This one would obviously be very easy because you'd be able to take 1/8 away from 8/8 in order to get 7/8.

As for the others, I can't see what would be wrong with doing 7 or 13 into 100 or 1000 or any multiple of those and then moving the decimal place if you only want a few decimal places. If you are getting into non-terminating decimals and want a lot of decimal places, I'd imagine that you would have sufficient understanding of what you are doing to either use a calculator or another method apart from chunking.

Haberdashery, okay, perhaps I chose an easy example. What about dividing by 7 or 13 etc? Or supposing when dividing by 8 the remainder was 7?

If you understand decimals and fractions, surely you will know that 1/8 is 0.125? And if you don't, you are likely to know that a half is 0.5 or a quarter is 0.25 and can just halve them until you get it right? As long as you understand what you are doing, there won't be a problem.

Coming back to chunking as per the original posting, I have the question, 'What comes after chunking?' and no-one I have read has answered that yet. The point here is what do you do about decimals. Suppose, for example you want to do the sum 785/8, giving the answer to 3 decimal places. You will get to the point where you have the answer 98 remainder 1. What do you do then?

PastSellByDate, I don't think we are disagreeing about very much at all. I am not against studying old number systems. On the contrary, I very much welcome it as it helps children appreciate how powerful our place value system is. Try multiplying MMDCCXLII by CXXIV without converting to our number system first, which is what the Romans had to do.

In a historical context, of course we can take a look at imperial units as we can most other things, but that is not what is happening at present. We are in a crazy situation as I have described earlier in that we actually live in a metric world, but mostly the children see imperial units and they are expected to convert between one and the other. I am aware of Mr Goves new emphasis on conversion and even more familiarisation with imperial units and that is what I find so horrifying. Andrew Percy and his ilk just don't get it, to use a modern political phrase. What a coincidence that he also mentioned the car as an example, but did he tell us about the 10000 metric measurements that go into making a car? Not likely! All he said is that children see miles and miles/hour, which is exactly my point ...Why?

He also mentions pints for beer, but does he mention that the glasses that hold the beer and designed and manufactured in metric units, and the barrels that hold the beer, and the equipment that pumps the beer, and the equipment used to produce the beer in the first place and so and so on? Not likely!

And as to road signs, well the changeover to metric is long, long overdue and even the Government knows this. I have written to them several times to ask why this has not been done and every time they give a different answer ranging from the cost to the fact that they are waiting for at least 50% of drivers to have learnt metric units at school. We passed that stage years ago.

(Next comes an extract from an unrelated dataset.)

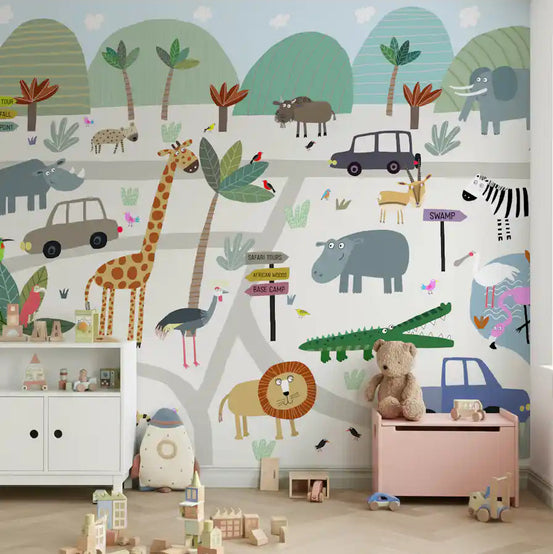 Safari animal adventure map wall mural giving a nursery a cheerful lift GD11267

As to the cost, the Government estimates £800 million to change the signs; the UK Metric Association estimates slightly less based on the Irish experience, but even if we are generous and allow for £1 billion, that only works out at less than £3 per person per year if we spread the cost over five years. In Government terms that's absolutely peanuts and this is a once only cost - it will not have to be repeated year on year like most Government expenditure. By comparison, the O2 (formerly the Millennium Dome) cost £800 million and the tunnel they were thinking of building around Stone Henge a few years ago (now abandoned) was to cost £500 million.

In my opinion, people like Andrew Percy are doing untold damage to our children's maths education and because of his status as an MP, people listen to him.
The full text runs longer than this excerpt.